[Short web captions]
◆ ◆ ◆ ◆ ◆
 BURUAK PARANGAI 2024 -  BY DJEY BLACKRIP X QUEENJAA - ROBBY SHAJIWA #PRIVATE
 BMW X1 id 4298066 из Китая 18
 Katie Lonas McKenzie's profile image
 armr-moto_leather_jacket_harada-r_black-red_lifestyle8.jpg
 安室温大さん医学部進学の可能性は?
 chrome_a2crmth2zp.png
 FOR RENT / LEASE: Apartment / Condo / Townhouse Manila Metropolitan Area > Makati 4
◆ ◆ ◆ ◆ ◆
* What is expected: Only exact copies of the lines from the one containing "armr-moto_leather_jacket_harada-r_black-red_lifestyle8.jpg" to the end of the records belong in the answer.

* Answer to this task:
 armr-moto_leather_jacket_harada-r_black-red_lifestyle8.jpg
 安室温大さん医学部進学の可能性は?
 chrome_a2crmth2zp.png
 FOR RENT / LEASE: Apartment / Condo / Townhouse Manila Metropolitan Area > Makati 4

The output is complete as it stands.